Fronting meeting place-4Arly (not her real name) has been on the warpath since Saturday night (she is not a Christian; but both her parents are). Listening to the accusations and counter-accusations the warring mother and daughter have been hurling against each other, I have even come to the conclusion that Arly has been on the warpath since she was twelve (she’s now twenty-four).

The occasion of the present war that I am watching today after church is the rebuke she receives Saturday night from the mother she has learned to hate. “Stop gambling! Take care of your child! Come to bed early so you will have strength for work tomorrow! Tell your husband to go find a job so he could support you and your child! Don’t pamper that good-for-nothing! You call him angel? He’s your devil!” Things like these that pain her and make her hate her more.

Oh how she hates her! She has learned to hate her since that afternoon twelve years ago when fresh from school she caught her in bed with someone else.

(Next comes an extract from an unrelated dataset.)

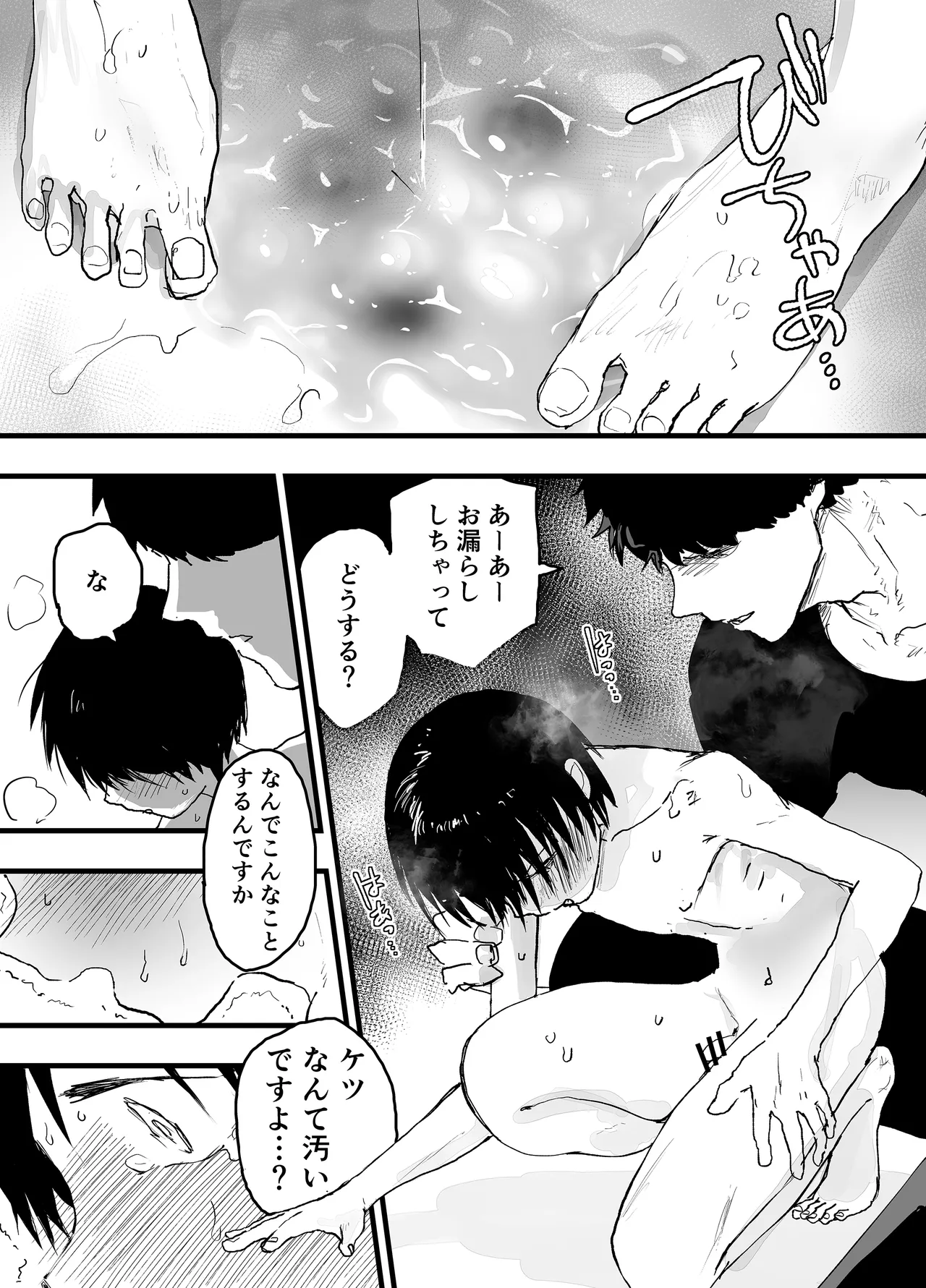 หน้า 16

That story of one woman’s adulterous past has been going the rounds since the day I came and evangelized this village, and still keeps trying to destroy that soul who I think should have been given a respite from the troublings and the gossipings that like syphilis pester and eat up its victims. Oh those envious and those with criminal intents! When will they stop?

That adulterous woman was actually the first to receive the gospel in this village of three thousand; and her reception of my message became the start up for others to listen to me. How can I allow them, even this daughter of hers, to destroy her? I cannot. She has already repented of her every sin, of this I am sure. But the vengeful daughter, the source of the story, could not keep quiet.

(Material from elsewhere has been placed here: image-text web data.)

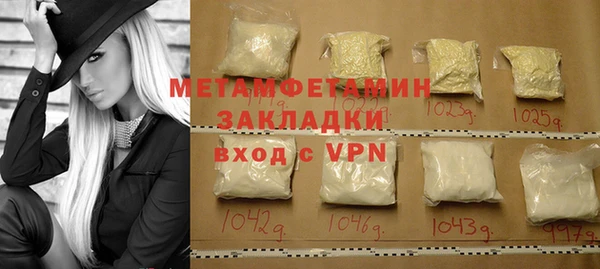 дмт Абдулино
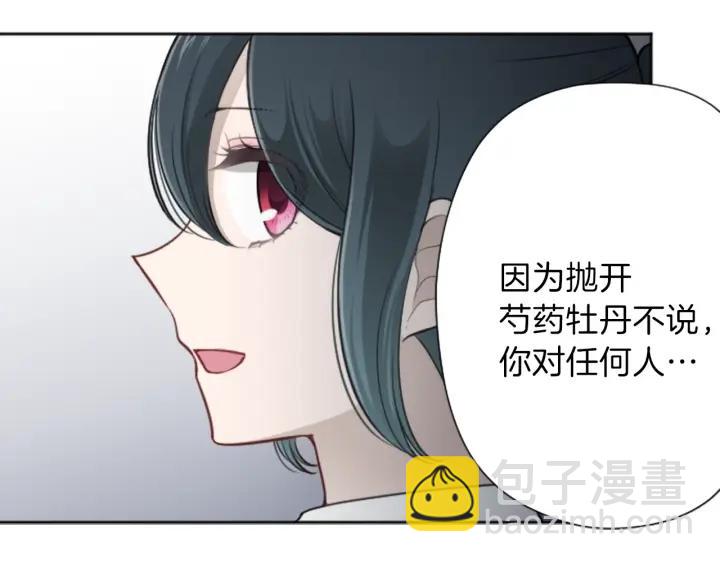 🍸公主的世界不需要王子 第125话 改变这个学校 第21页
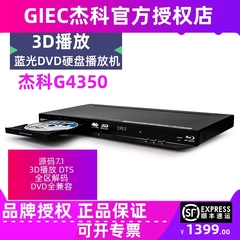 GIEC 杰科G4350蓝光DVD硬盘播放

Well, even the devil could not keep quiet.

For five years now, I have been trying to reach out to Arly. She considers me a friend, she likes me in fact and says she wants to listen to me too. But why is she not coming to our Bible class? Even today as we talk, she tells me she wished I had been her father, or that my wife had been her mother (not telling this of course while both parents were listening, otherwise there would be more trouble in store for her). And I could not count the number of yeses her lips have uttered in response to my urgings for here to attend our Bible classes. But in a class of twenty-five on any given afternoon, she is a missing person. Always.

The worst part of her personality shows as she argues with her mother, talking back to her in loud voices that could send even the laying hens in panic. But I just sit there, she on my right and her mother on my left. And this was after worship, when minds should be well-refreshed and heads should be cool. With her talking back loudly, sentences having neither periods nor commas, she has given scandals a new meaning. If I were her parent, I would die of heart attack. Who could tame a shrew like her? Not even the husband whom she claims she loves so dearly. It agonizes you listening to her, for she could not understand civility and good manners. Having a conversation with her when she is in this warring posture is, in the language of US Defense Secretary Robert Gates, “like pulling teeth.” Painful. Difficult.

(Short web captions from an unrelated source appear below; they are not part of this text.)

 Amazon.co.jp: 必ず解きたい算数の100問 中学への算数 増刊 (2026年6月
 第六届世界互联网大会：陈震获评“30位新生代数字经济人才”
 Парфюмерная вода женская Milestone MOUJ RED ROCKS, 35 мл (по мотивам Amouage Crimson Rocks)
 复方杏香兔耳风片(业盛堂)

But I have persisted. I listen. I let her talk. I try to appear as impartial as I should. For this is a war between a Christian and one who is not; this is a fight between two people who equally like me as a person. So I listen.

When her mother leaves, not wanting to endure a useless exchange of warring words, I listen to her as she rationalizes and seeks to justify her hatred and acts of rebellion.

She says she loves her father more than her mother. I ask why. That adulterous fling. One afternoon while the sun is still up. She remembers her saying, after the man vanishes and the door has been shut: “Don’t tell your father anything, or else…”

She remembers too the rough steel buckle of heavy paternal belt in the hand of her angry mother, how it strikes her young flesh and creates pain that makes her twist on the dusts a thousand times over. She remembers the ipil-ipil stick as thick as her forefinger and those angry eyes, again, threatening more pain and more hurts. She remembers too how she grabs another stick, looking at her with eyes fiery with hatred and filled with tears, and how she threatens to retaliate. Her mother understands the language of revenge, and leaves with threats to punish her someday: “Araw mo pa ngayon” (”It’s your day today”).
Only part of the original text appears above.